Parmi ces installations, nous avons eu une innovation : l'imaret ou cuisine populaire offrait de la nourriture gratuite deux fois par jour aux étudiants, aux pauvres de Kaçanik et de ses environs, aux employés des nouvelles installations ainsi qu'aux voyageurs qui s'arrêtent et se reposent à Kaçanik. Ce nouvel établissement, apparu plus tôt à Skopje et le premier à Kaçanik/Kosovo, a suscité l'intérêt des voyageurs européens car ils bénéficiaient de nourriture gratuite et bien plus encore.
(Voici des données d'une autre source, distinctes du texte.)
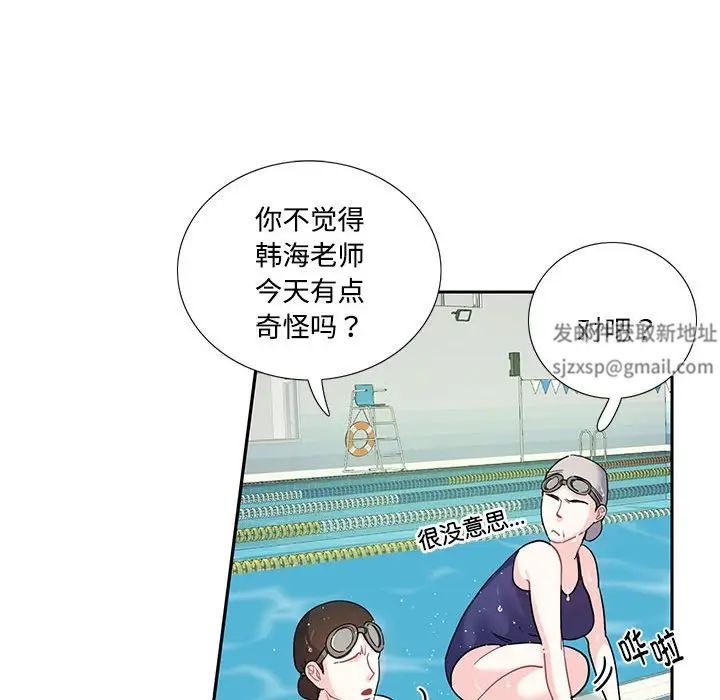 这难道是命中注定第8话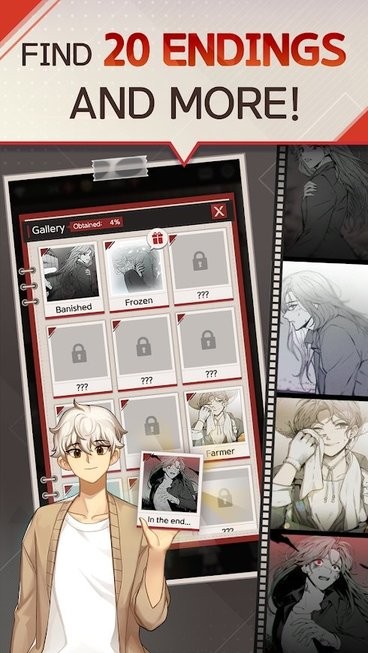 危险的避难所游戏截图3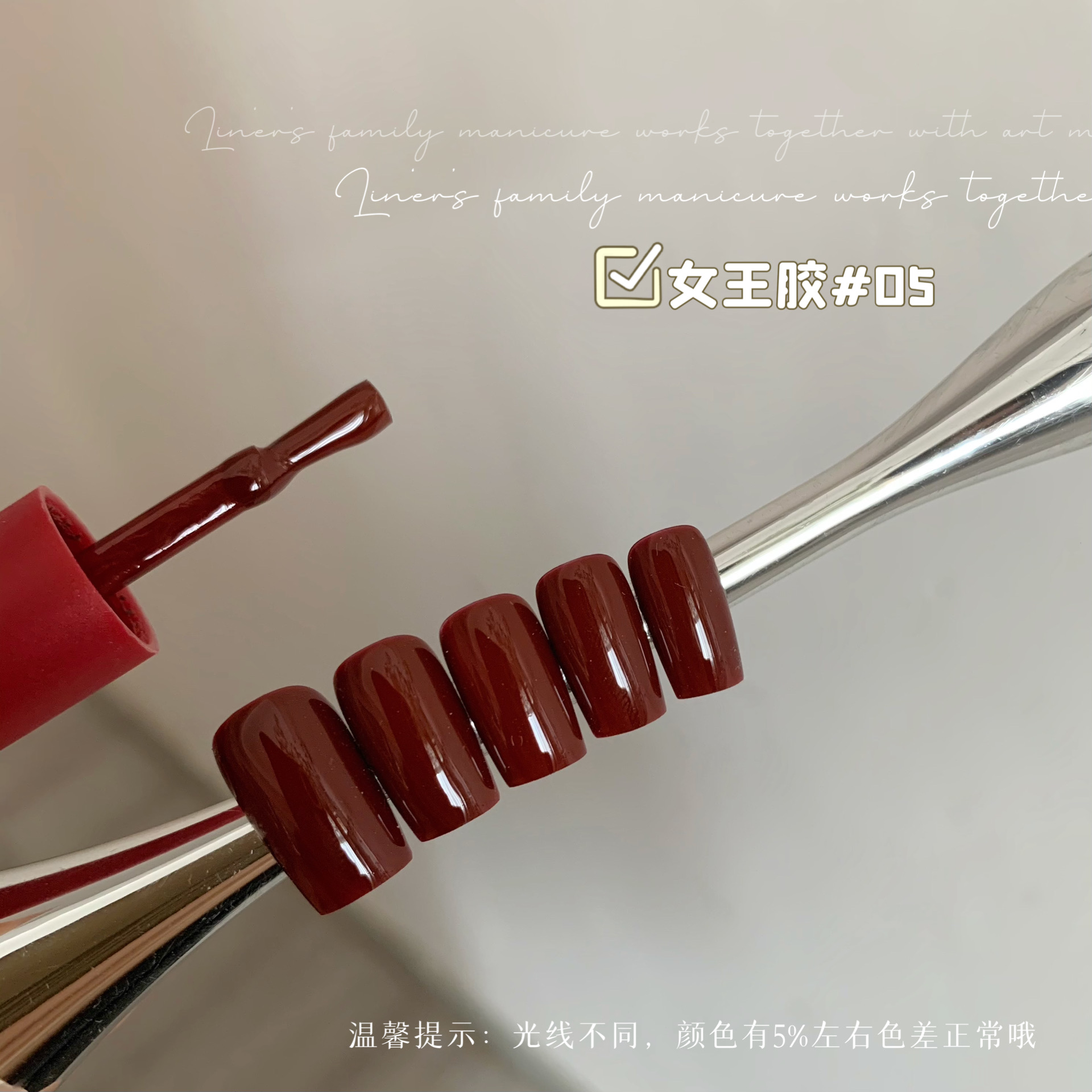 林洱美甲用品超显白甲油胶轻奢女王红5号色单瓶色胶美甲店专用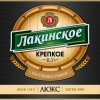 Лакинское Крепкое Люкс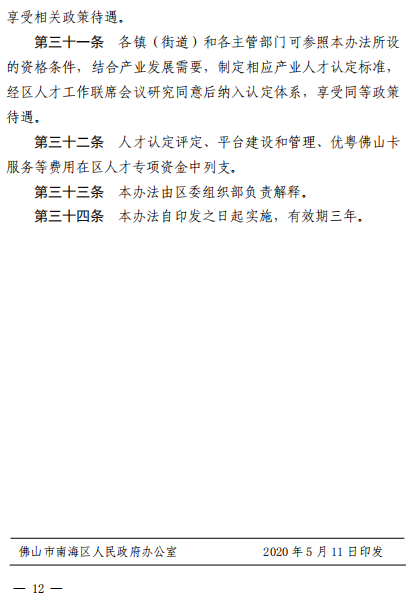 93ca94c61c8b40e6acc941953abc7de1.png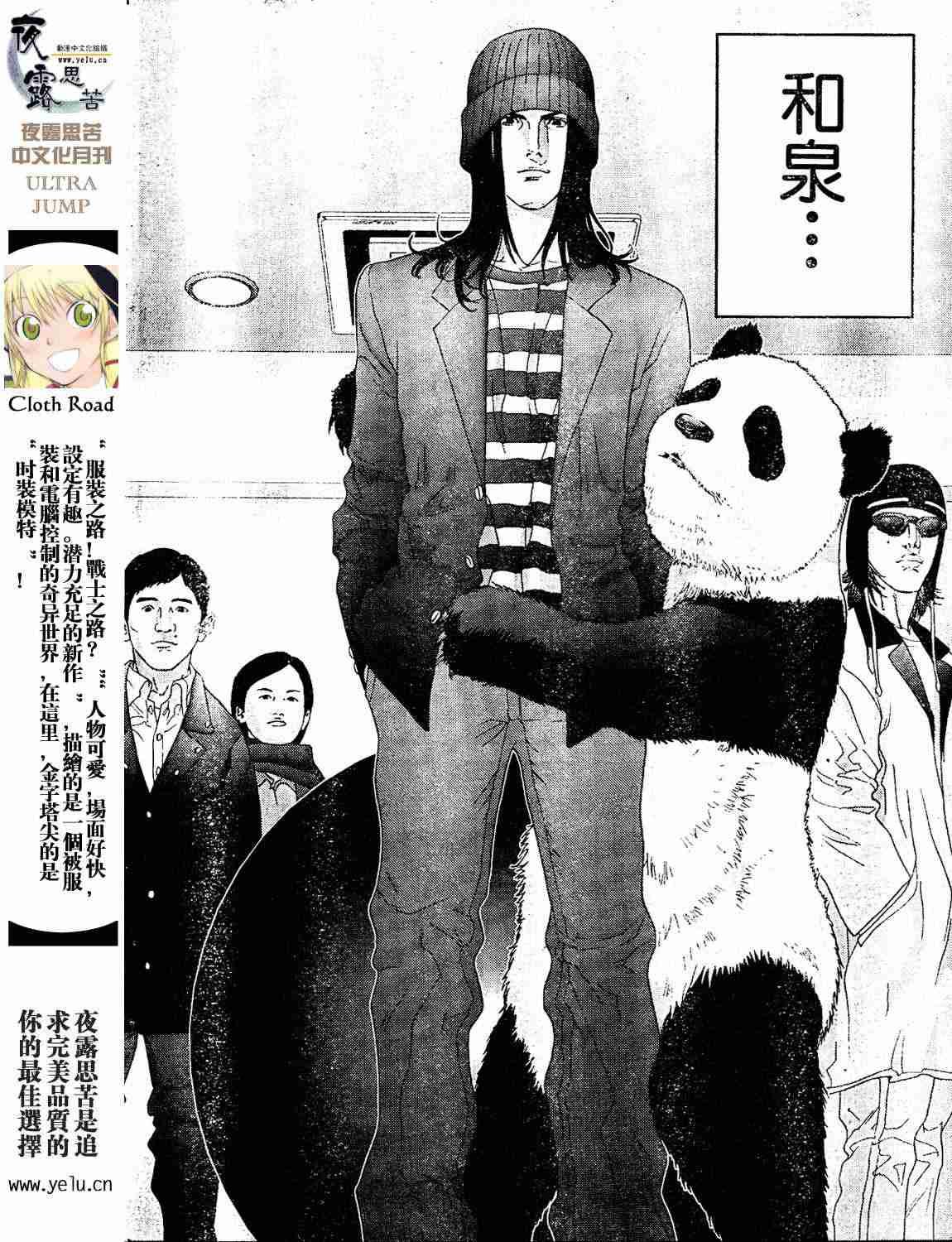 第12卷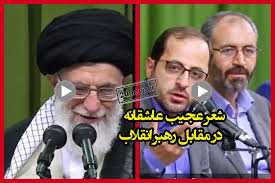 شعر عجیب فاضل نظری در مقابل رهبر انقلاب و واکنش رهبری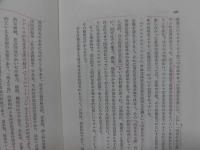 ペレストロイカは進む : スターリン時代の遺産とのたたかい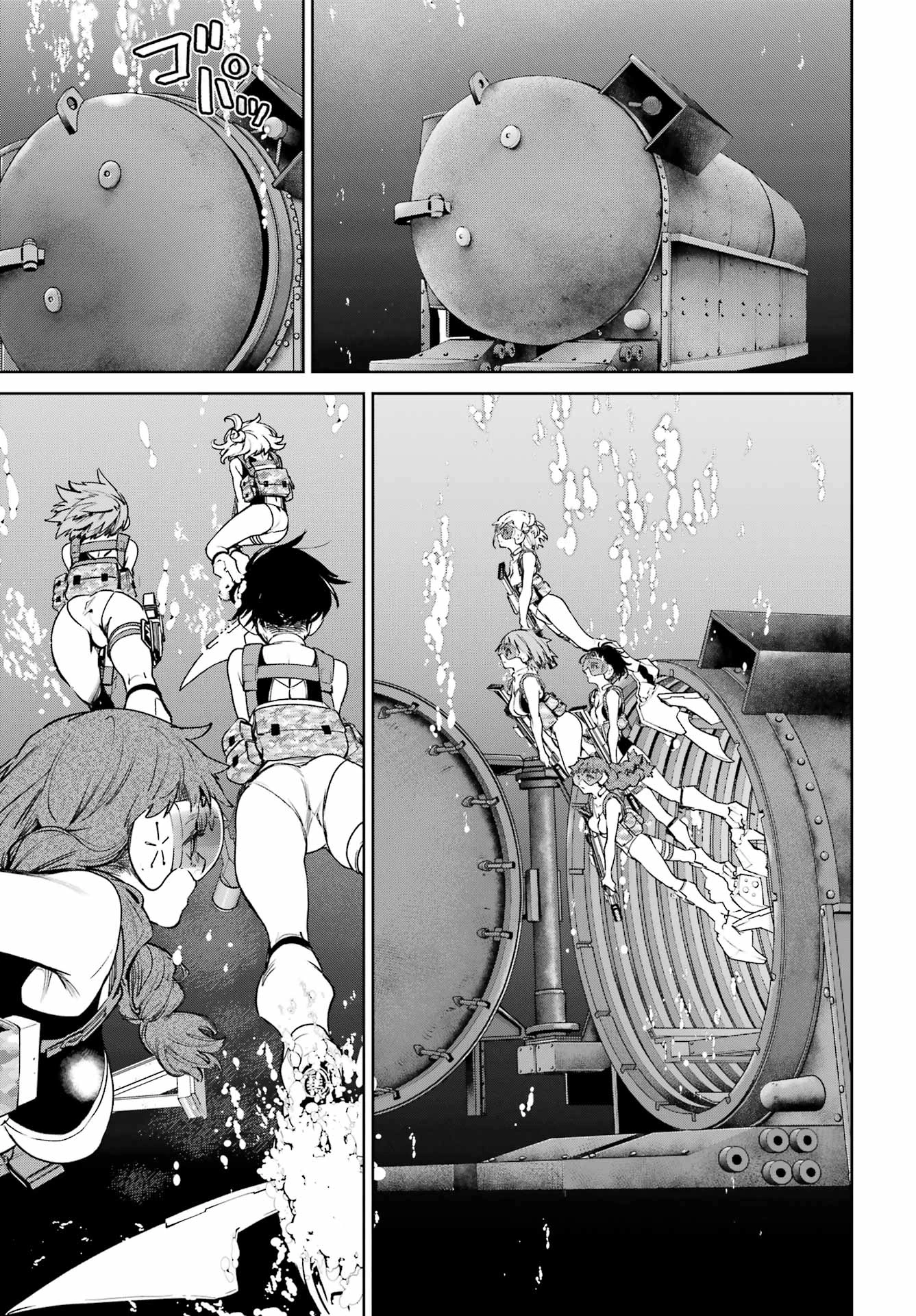 学園潜水艦隊 マーメイドガールズ 第4話 - 7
C'est précisément pour cette raison que Y. Hysa se concentre à travers cette nouvelle institution sur les changements de la cuisine du Kosovo avec de nouveaux éléments devenus permanents, d'où le titre de cet ouvrage. L'un de ces éléments est le riz, qui était non seulement consommé au Kosovo, mais également cultivé plus tard dans les Balkans, dont l'auteur parle longuement dans le chapitre « Le riz comme aliment stratégique » (pp. 97-100). D'autre part, l'autre innovation était la présentation du safran dans la nourriture proposée dans l'imarate de Kaçanik, ce qui reflétait une grande signification, car le safran était un symbole des tables des familles riches en Orient et plus tard en Europe, et maintenant il a été offert à tous gratuitement avec le dessert appelé Zerde, originaire de Perse, dont le safran est l'essence et l'apparence, dont l'auteur parle davantage dans le chapitre "Zerde plus qu'un dessert".
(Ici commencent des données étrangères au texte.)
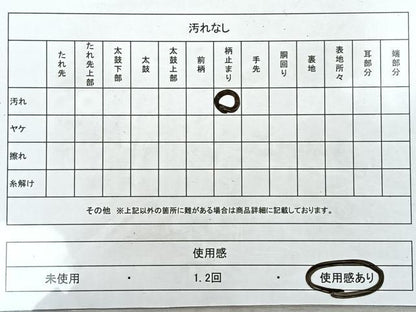 平和屋着物◎六通柄袋帯 笹竹文 銀糸 引箔 正絹 逸品 CAAU7249nb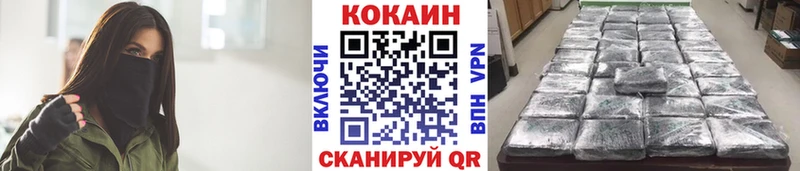 где найти наркотики  blacksprut маркетплейс  COCAIN 98%  Новотитаровская 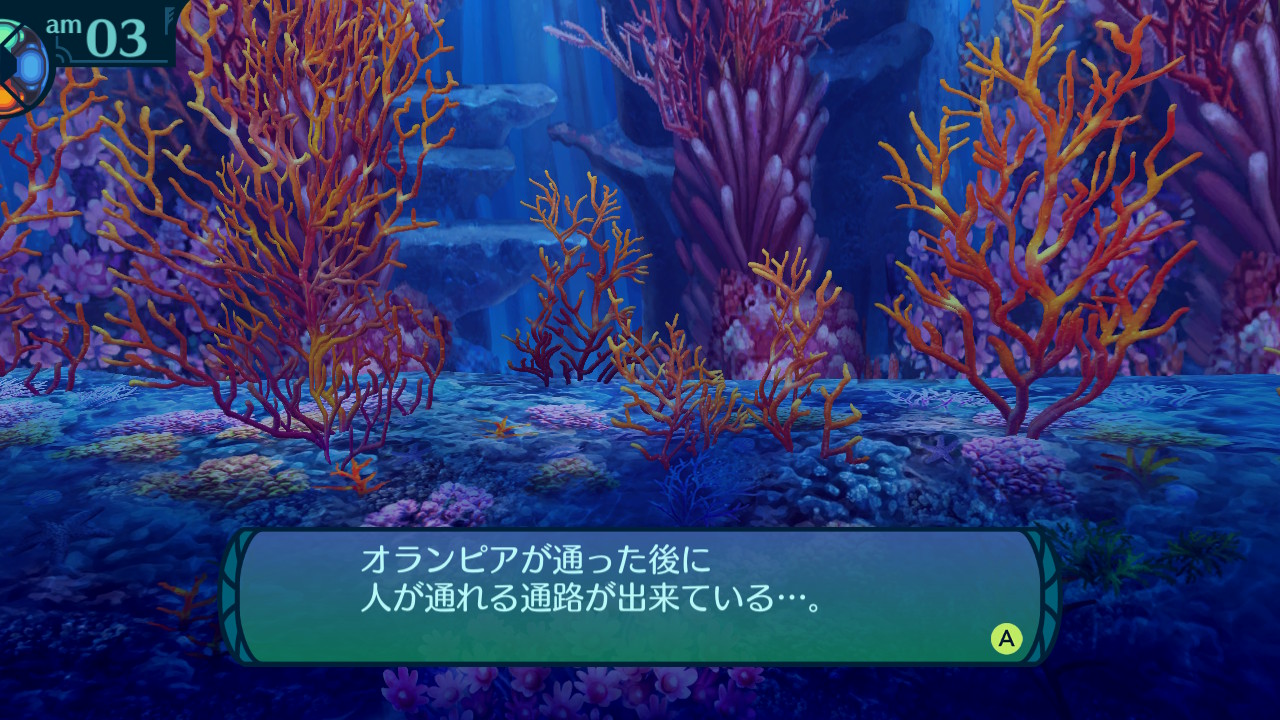 アモロ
Avec ces données significatives, nous pouvons dire que dans ce livre de Y. Hysa, nous n'avons pas de grands thèmes répétés, mais qu'il se concentre sur un petit espace (Kaçaniku) avec une nouvelle approche (sur la base du vakufnama de 1586) ils ont présenté une histoire moins connue à la nouvelle génération d’historiens.